PARIS: Bernard Tomic limped out of the French Open on Tuesday pledging loyalty to his controversial father while fellow tyro Grigor Dimitrov confidently targeted the Roland Garros title.
On a day when the schedule was curtailed by more than four hours because of rain, the 20-year-old Tomic found himself at the centre of attention.
After retiring from his first round match against Victor Hanescu with a muscle tear, the world number 61 launched a passionate defence of his father and coach John Tomic who is facing criminal charges in Spain after being accused of assaulting his son's training partner.
“My dad is in Paris, he's still my dad and he will remain my coach. I love him a lot,” said Tomic, who dropped the first two sets against Hanescu before quitting in the third to hand a 7-5, 7-6 (10/8), 2-1 win to his Romanian opponent.
John Tomic was banned from attending the tournament after he was accused of attacking Thomas Drouet, in Madrid on May 4.
Drouet was left with a broken nose after a brawl outside the hotel where players in the Madrid Masters were staying.
Meanwhile, highly-rated Bulgarian Grigor Dimitrov, dubbed 'Baby Federer' because of his similar style to the 17-time Grand Slam winner, went through when Colombian opponent Alejandro Falla retired with the Bulgarian 26th seed 6-4, 1-0 to the good.
The 22-year-old Dimitrov, the boyfriend of Maria Sharapova, could face world number one Novak Djokovic in the third round.

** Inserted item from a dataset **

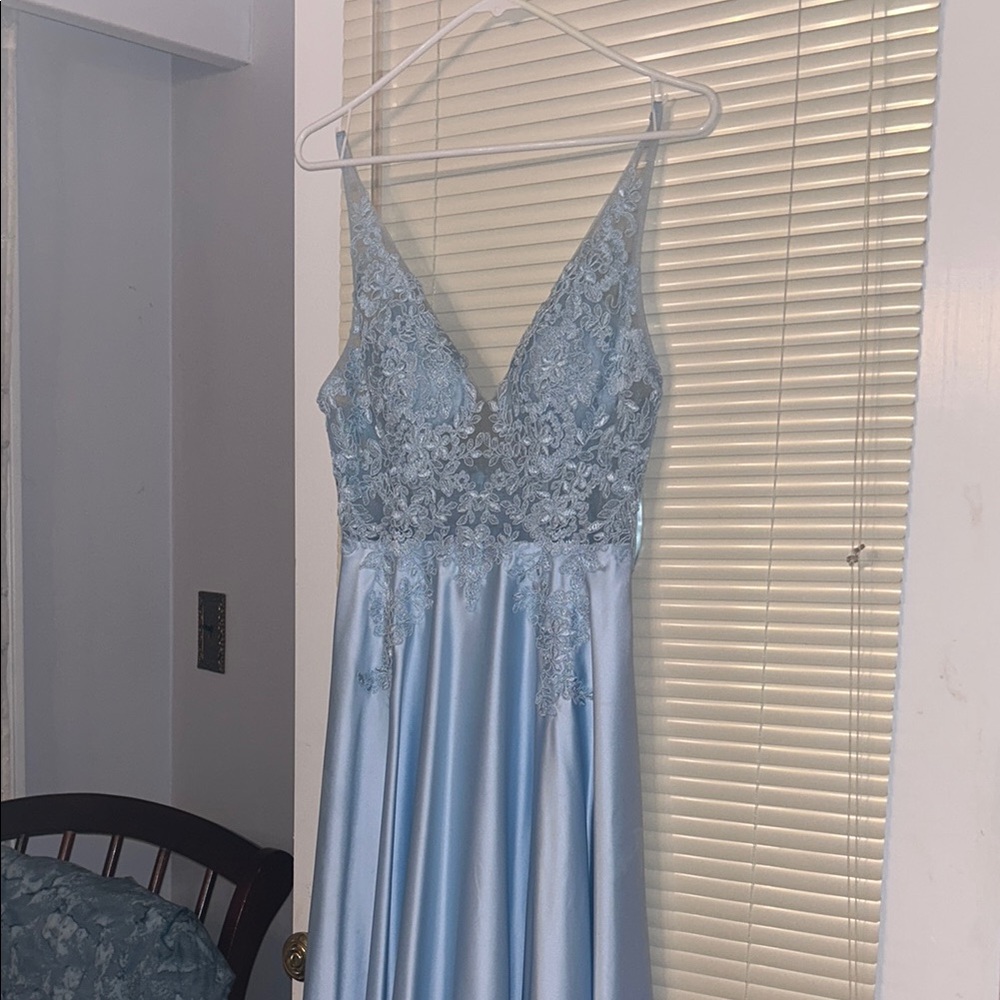 PromGirl Light Blue Lace Prom Dress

“These are the kind of matches I'd always want to play in. I feel good on the big courts and playing against good players,” said the Bulgarian, who beat Djokovic in Rome and pushed Rafael Nadal to three sets in the Monte Carlo Masters quarter-finals.

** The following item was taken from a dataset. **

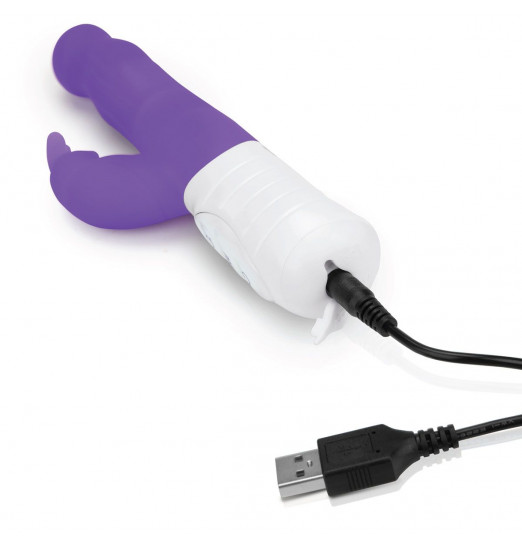 Фиолетовый тонкий вибратор-кролик с клиторальным отростком - 22 см. Фиолетовый тонкий вибратор-кролик с клиторальным отростком - 22 см.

Dimitrov will attempt to reach the third round of a Grand Slam for the first time when he faces French wildcard Lucas Pouille, the world number 324.
World number 83 Kimiko Date-Krumm, who played her first Roland Garros in 1989, three years before Dimitrov was born, probably wished it had kept on raining on Tuesday.

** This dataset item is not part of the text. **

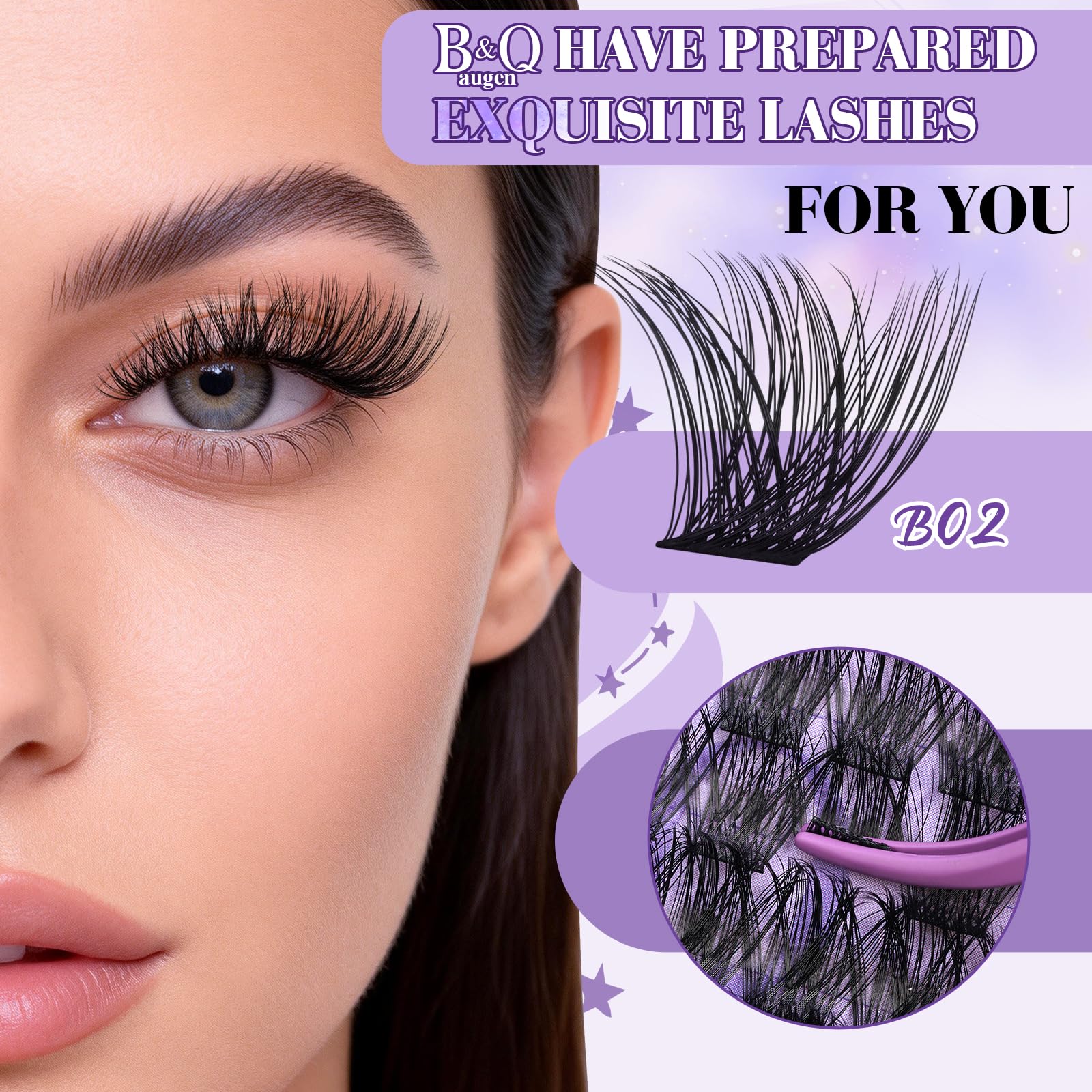 B&Qaugen applicator set enables precise, beginner-friendly lash application.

The 42-year-old Japanese lost 6-0, 6-2 to Australian ninth seed Samantha Stosur, the 2010 runner-up and former US Open winner.
Date-Krumm became the third oldest player to compete in women's singles in the tournament, Martina Navratilova holding the record at 47 and 232 days from her 2004 showing.
Fully 57 players in this year's women's singles draw were not even born when Date-Krumm made her Roland Garros debut.
“Stosur is so strong and she's a specialist on clay,” said Date-Krumm.
“Today she didn't make mistakes because I couldn't put her under pressure.” Djokovic begins his campaign later Tuesday against Belgian opponent David Goffin.
Top seed Djokovic, the runner-up to Nadal last year, has already defended his Australian Open in 2013 and halted Nadal's attempt to win a ninth successive Monte Carlo Masters last month.
The Serb needs a French Open title to complete a career Grand Slam.
Elsewhere, in the rain-hit programme, French women's number one Marion Bartoli, the 13th seed, needed three hours and five match points to beat Olga Govortsova of Belarus, 7-6 (10/8), 4-6, 7-5.
Bartoli, a semi-finalist in 2011, also saved two match points. She goes on to face Colombia's Mariana Duque-Marino.
Three-time semi-finalist Jelena Jankovic, the 18th seeded Serb, beat Slovak veteran Daniela Hantuchova 6-4, 7-6 (9/7) and next plays Spain's Garbine Muguruza.